Review: Tower of Dawn

“You looked at me without an ounce of pity. You saw me. Not the chair or the injury. You saw me. It was the first time I’d felt … seen. Felt awake, in a long time.”

Sarah J. Maas delivers all the feels with TOWER OF DAWN. Loyal readers of the series have long awaited to see how Chaol’s narrative would unwind, what path he would take following all that’s transpired. This story certainly gave us that and more.

We saw deeper story lines for other characters like Nesryn and Yrene too (more on Yrene below). Front and center, however, was Chaol’s journey of healing.

Chaol—who has always been loyal, strong—shattered right along with the glass castle. He’s been ripped apart emotionally, roiling in guilt over the blame he feels for letting his men, those he cares for, down. Now, his broken body sits in a chair, a vessel for his deeply broken spirit.

So he and Nesryn travel to Antica, in hopes the legendary healers of the Torre Cesme will heal his body. They also hope to make allies of the southern empire in the looming war.

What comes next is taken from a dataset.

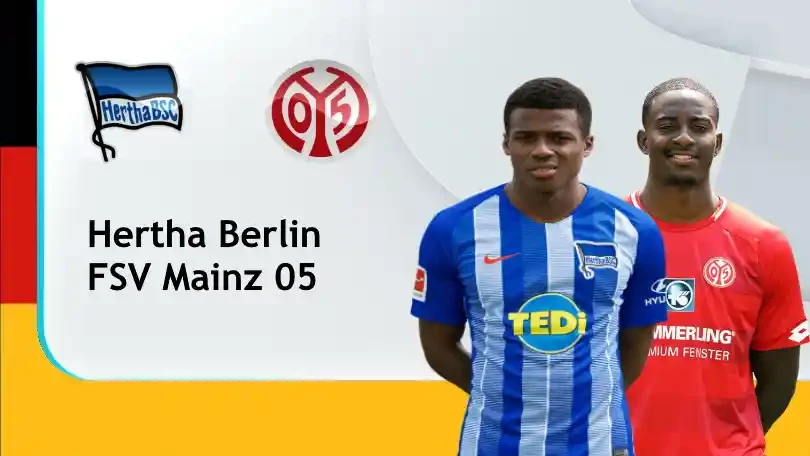 ONE88 Nhận định bóng đá – VĐQG Đức – Hertha Berlin vs Mainz 05 – 02h30 16/12/2020: Niềm vui thủ đô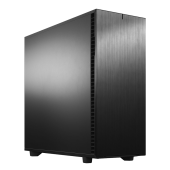 Корпус ПК без блока питания Корпус Design Define 7 XL Solid (FD-C-DEF7X-01)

Nesryn and Chaol meet the current khagan (Urus) and his children (one of which will be chosen to rule): Arghun, Sartaq, Hasar, Kashin and Duva. The youngest of them all, Tumelun, is at the center of a mysterious circumstance which has upset the entire family.

All these new characters, along with the healers we meet, are crucial to Nesryn and Chaol’s futures, as fates twine together in ways unforeseen.

We meet Yrene Towers, a profoundly gifted healer who is sent to work on Chaol. Their relationship begins antagonistically and Yrene challenges Chaol every step of the way. Chaol must face his emotional demons if he is to heal physically—a task that Yrene discovers is much more difficult than expected. Echoes of the dark power that struck him remain, along with the many memories Chaol wishes to forget.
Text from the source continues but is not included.